2. People will not respect you.

When you allow people to take advantage of you, they will not respect you. Respect is something that we pretty much have to demand, and it has a lot to do with how we carry ourselves. If you don’t respect yourself enough to set boundaries, other people will not respect you either.

3. When you try to assert boundaries, no one will respect them.

Eventually, you will have to assert boundaries. But, after you have had someone take free rein over you, when you do finally assert boundaries, they likely won’t believe you. In turn, they won’t respect them, and will continue to cross them.

4. Your needs will not get met.

When we get caught up in a cycle of putting other people’s needs before our own, it can be hard to meet our own needs. Additionally, because you want to please others, you may feel like you are a burden for asking for help. What you have to understand is that you are a person, with needs of your own.

5. Your self-care will go out the window.

Our actions not only speak to others, but to ourselves. When we fail to set boundaries with others, we send our brain the message that we are not worthy. And boundaries are an important part of self-care.

6. You will develop unrealistic expectations for others.

By being ‘too nice,’ to others, you are also sending yourself the message that this is the normal way in which people behave. Because of that, your standards for other people will rise. However, most people don’t operate in that manner, so you will end up disappointed and disheartened by them.

7. People will use you.

There are some people who thrive off of taking advantage of well-meaning people. While to a good-hearted person, it may be hard to imagine taking advantage of people, not all people have the best intentions. And if you let them, some people will use you up until you put your foot down.

8. Your relationships will be one-sided.

There isn’t anything wrong with being nice, but people who are too nice go above and beyond even in situations where they shouldn’t. Oftentimes, this works against the person who is nice, because it can cause relationships to become one-sided. When you are constantly doing and doing for other people, and expect nothing in return, they grow accustomed to that.

9. People will perceive you as weak.

In the real world, when someone is too nice, it can make them be misunderstood as weak. When dealing with people, this leads to bad situations, and in the business world, people simply won’t take you seriously.

10. You will attract the wrong people.

Another major problem with being too nice, is that our vibe is what attracts others to us. And some of the worst people will come out of the woodworks when you are super nice to them.

11. People will be skeptical of you.

Of course, another issue is that some people will perceive you as fake. Because most people are the opposite of ‘too nice,’ when you greet someone with that type of energy, they are going to view you as too good to be true, which will make them skeptical of you.

12. You will begin to resent people.

Over time, as you allow others to take advantage of you, eventually you are going to grow tired.
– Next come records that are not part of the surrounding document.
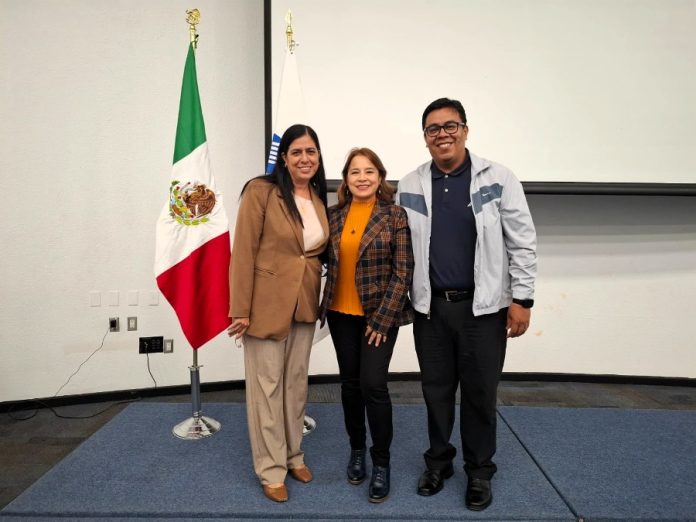 Se capacitan docentes de la UdeC como expertos evaluadores de programas de salud_b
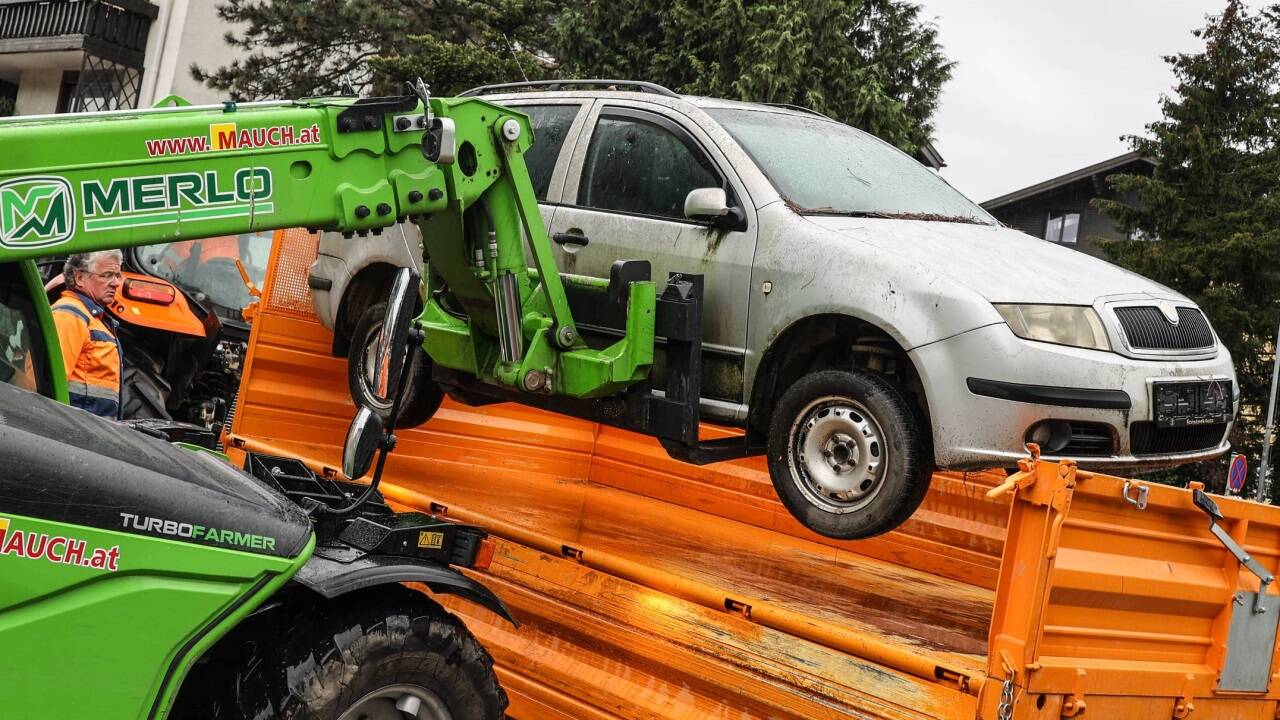 Mitarbeiter des Bauhofs transportierten das vor sich hinrostende herrenlose Auto ab. 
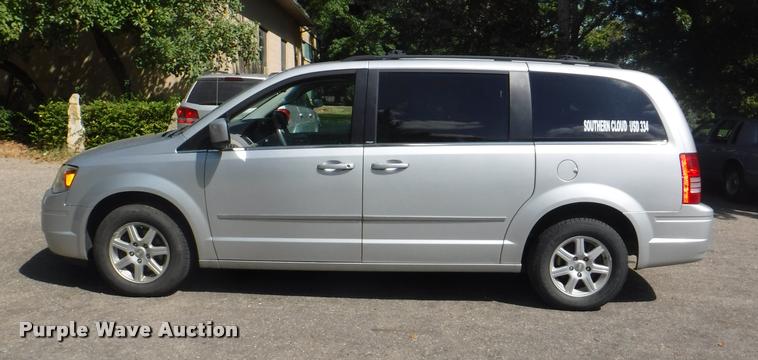 image for item DD0867 2010 Chrysler Town & Country van
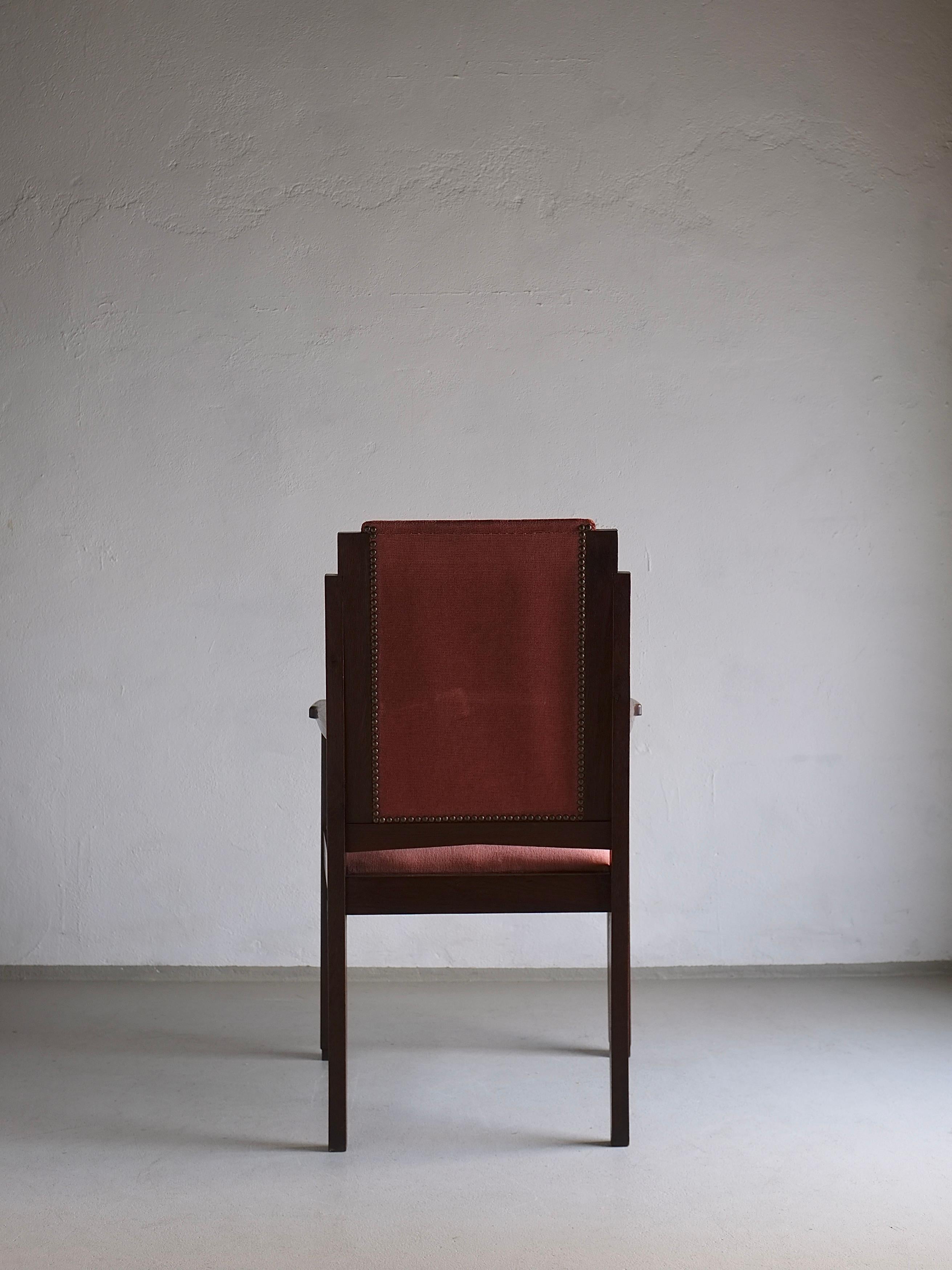 Néerlandais Ensemble de 2 fauteuils en chêne de l'école d'Amsterdam, Pays-Bas, années 1920 en vente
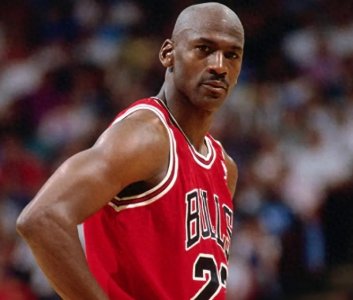 ​知名球衣的意义：提到23号球衣就想起了乔丹，这就是球衣的意义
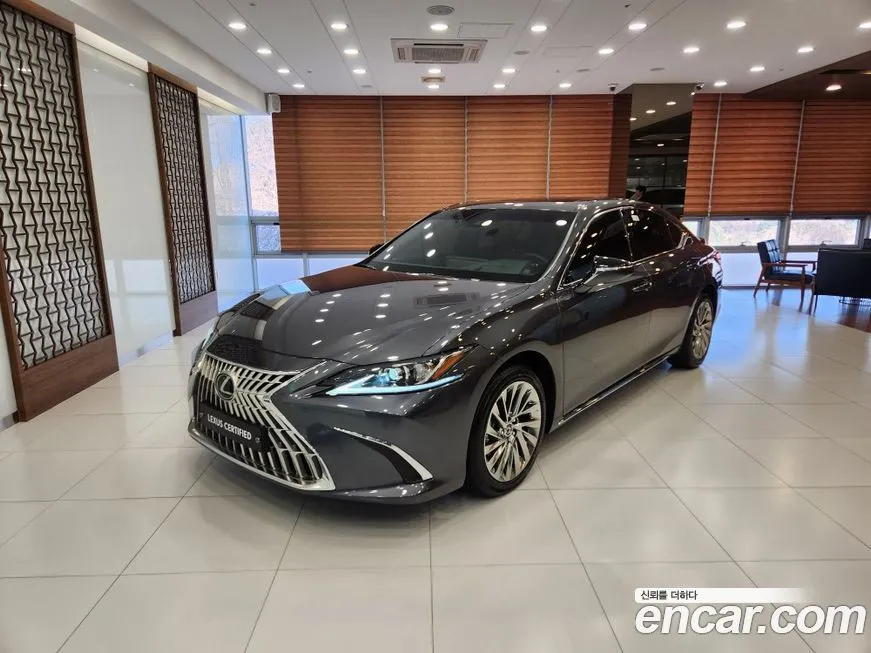 Lexus ES 2026 из KR, фото 1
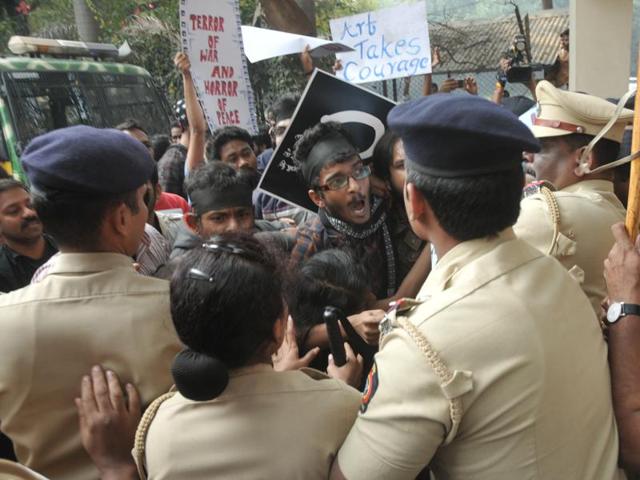 Police had lodged FIRs against 17 students for holding FTII director Prashant Pathrabe into captivity during their strike last year. (HT photo)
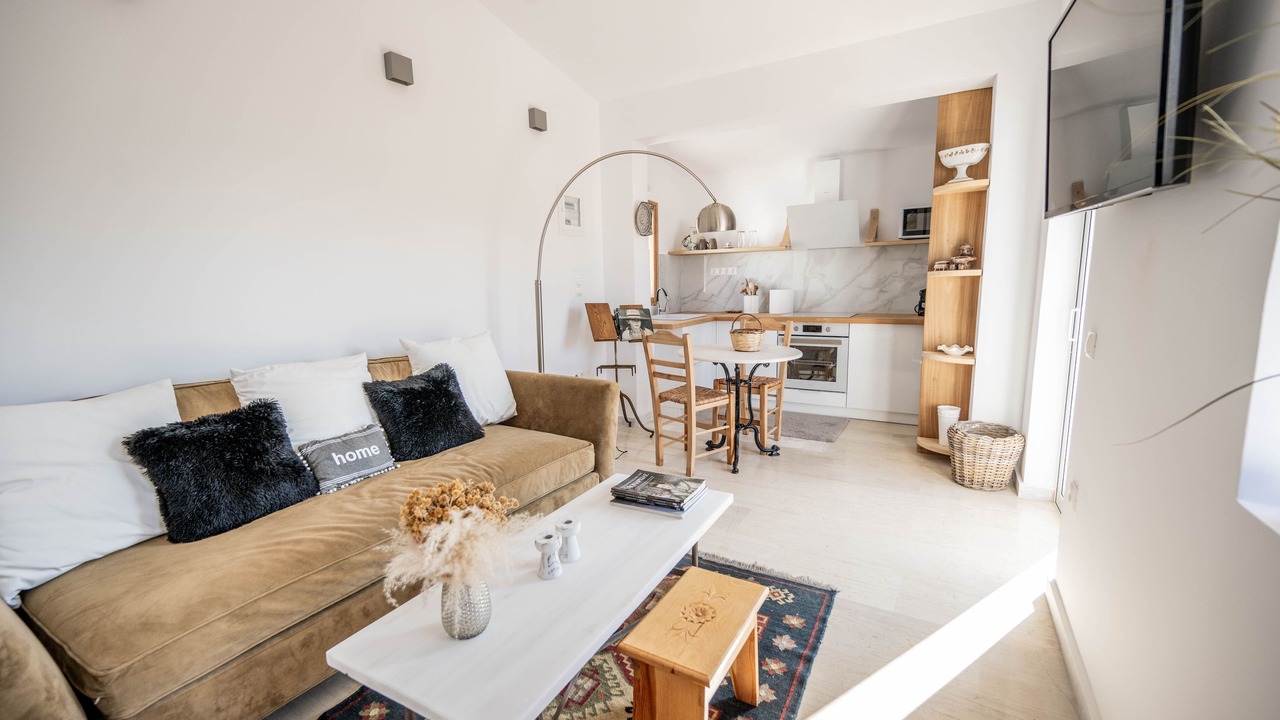 Photo of Livingroom in Limni Vouliagmenis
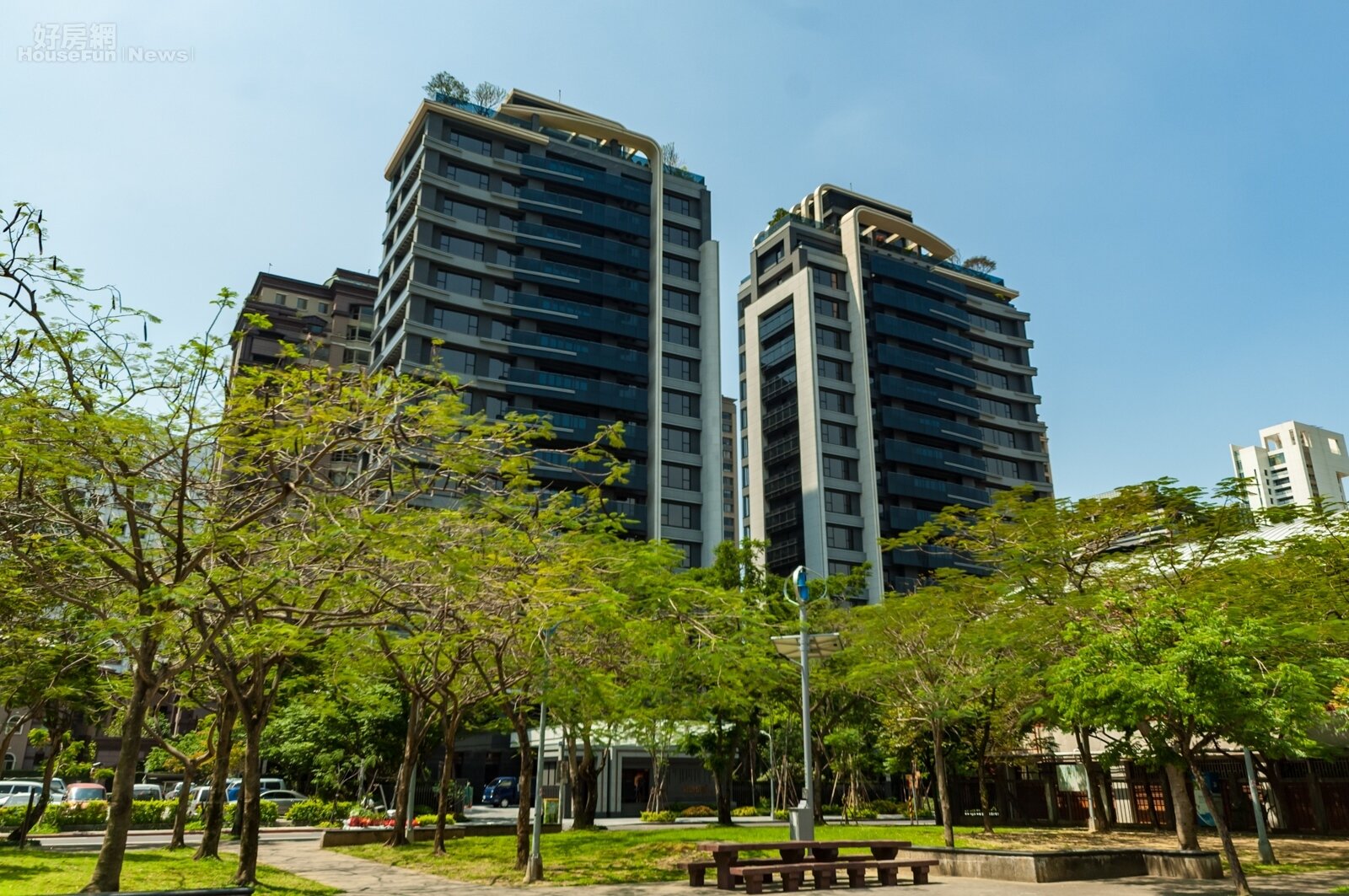 銀行主管認為，該內容暗示，今、明兩年，央行鬆綁豪宅貸款管制的機率很低。信義區豪宅「冠德信義」。（好房網News記者張聖奕／攝影）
And because you are always trying to go above and beyond for everyone else, when the burnout becomes real, resentment is eventually going to take hold.

13. You will become a people-pleasing mess.

Trying to make everyone happy is impossible. Some people cannot be pleased, and there is absolutely no way one person can make everyone happy. And the more you try, the harder it will be. Eventually, you will be a fragment of who you once were.

14. You will end up with too much on your plate.

When you are too nice to everyone, you may tend to tell everyone yes. However, one person can only do too much. Eventually, you are going to end up with too much on your plate.